Work request: Leaving the pictures aside, restate all of the data exactly.

#### Data provided

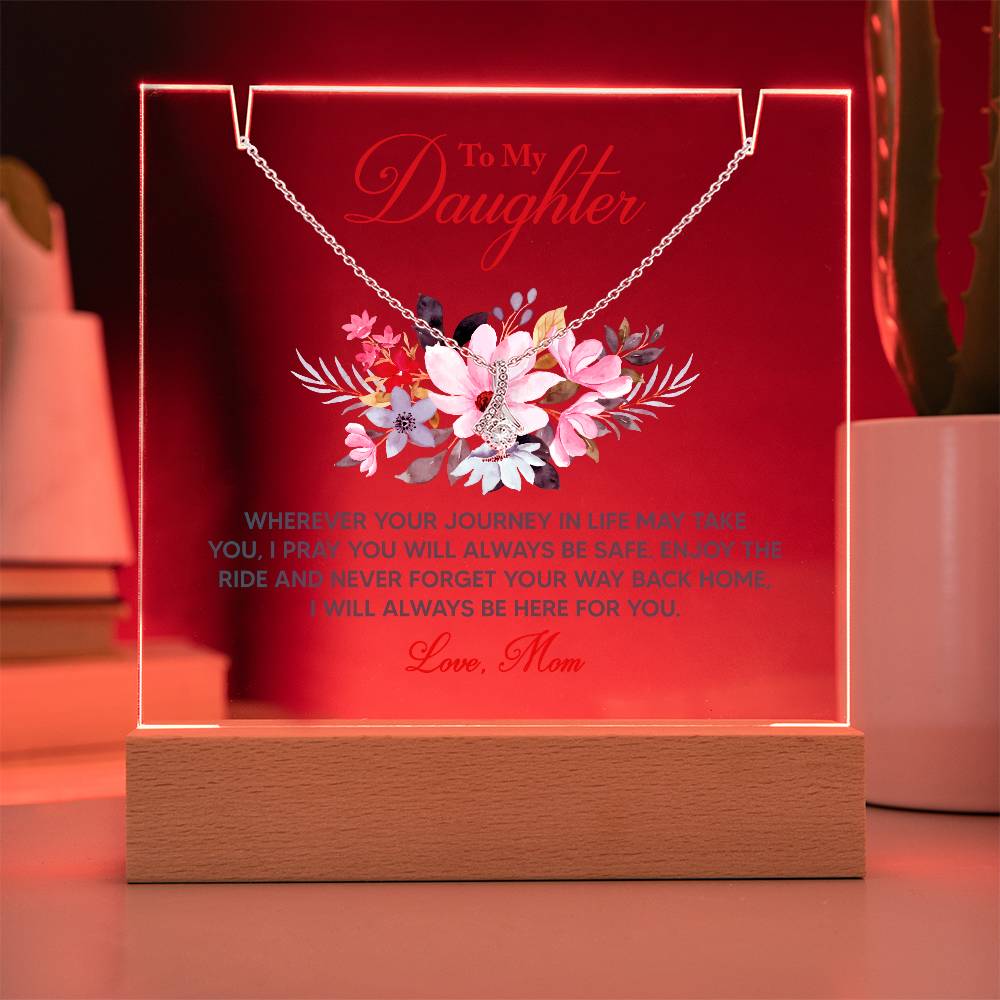 Alluring Beauty Necklace & Keepsake Acrylic Bundle: From Mom to Daughter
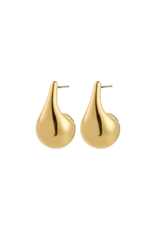 PILGRIM Juniper Earrings in Gold by Pilgrim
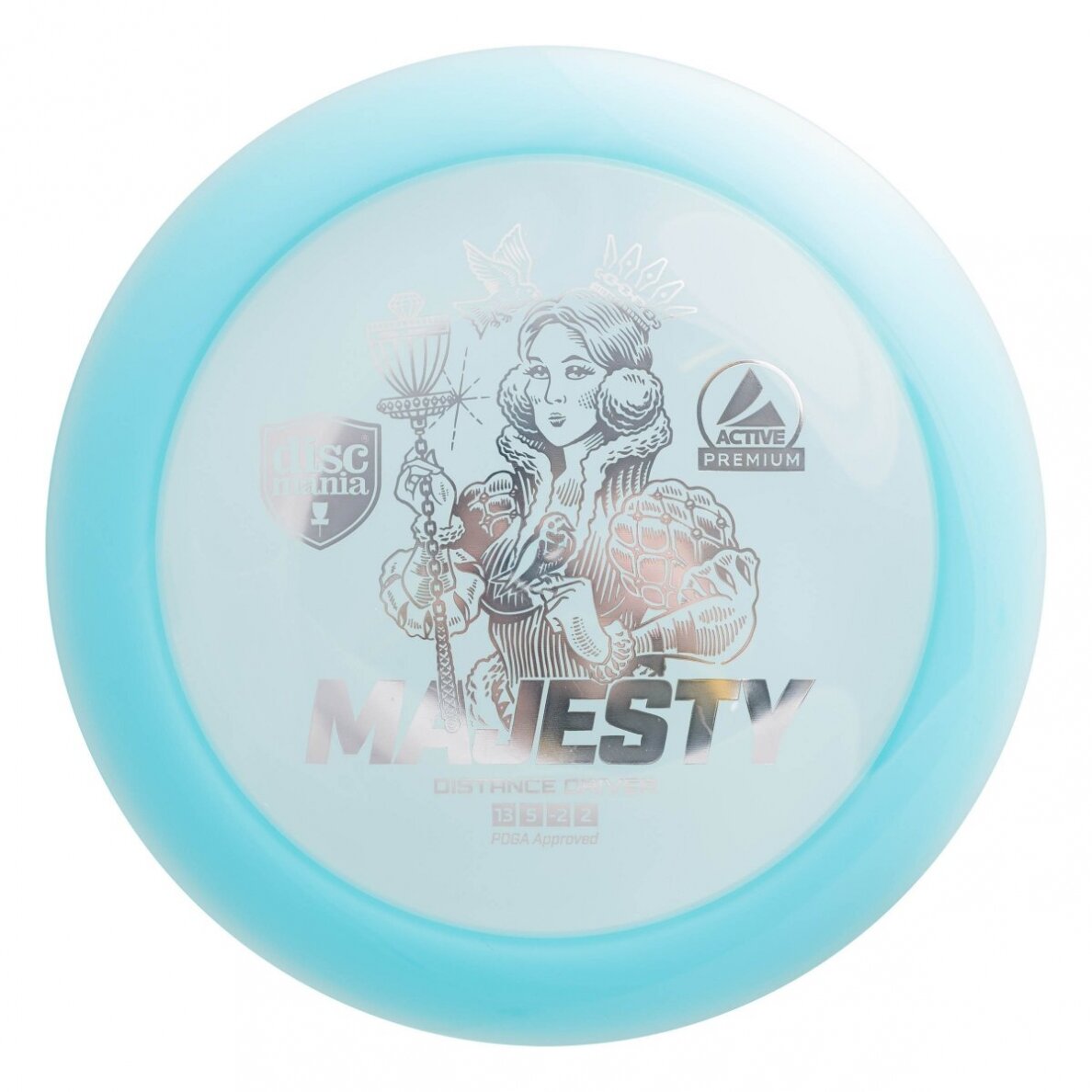 Diskgolfo diskas Distance Driver MAJESTY Active Premium Blue 1 Diskgolfo diskas Distance Driver MAJESTY Active Premium Blue 1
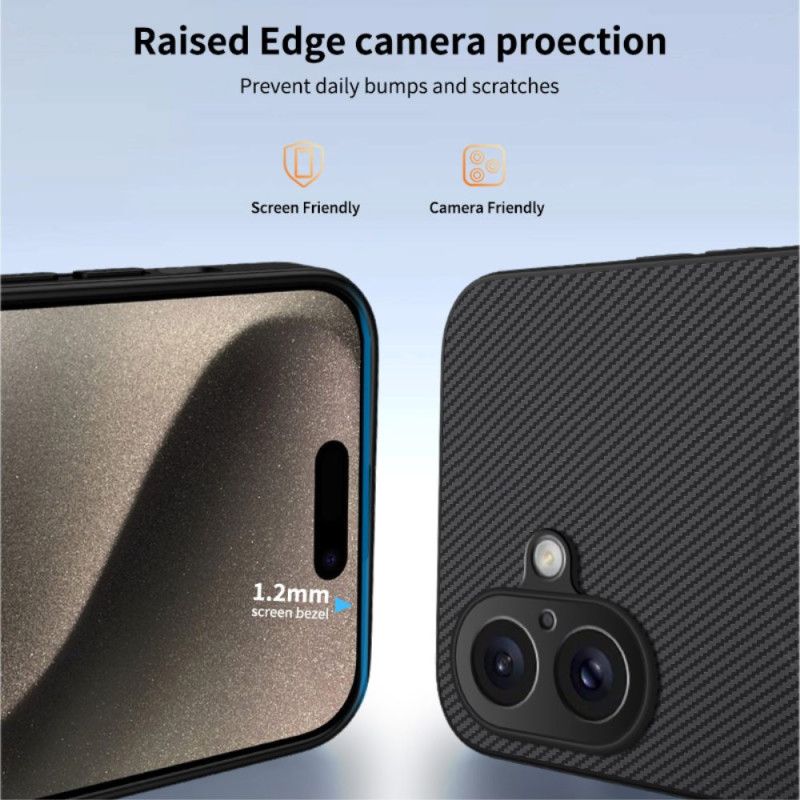Deksel iPhone 17 Magsafe-kompatibel Karbonfiber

########

Answer to this task:
 Alluring Beauty Necklace & Keepsake Acrylic Bundle: From Mom to Daughter
 PILGRIM Juniper Earrings in Gold by Pilgrim
 Diskgolfo diskas Distance Driver MAJESTY Active Premium Blue 1 Diskgolfo diskas Distance Driver MAJESTY Active Premium Blue 1
Deksel iPhone 17 Magsafe-kompatibel Karbonfiber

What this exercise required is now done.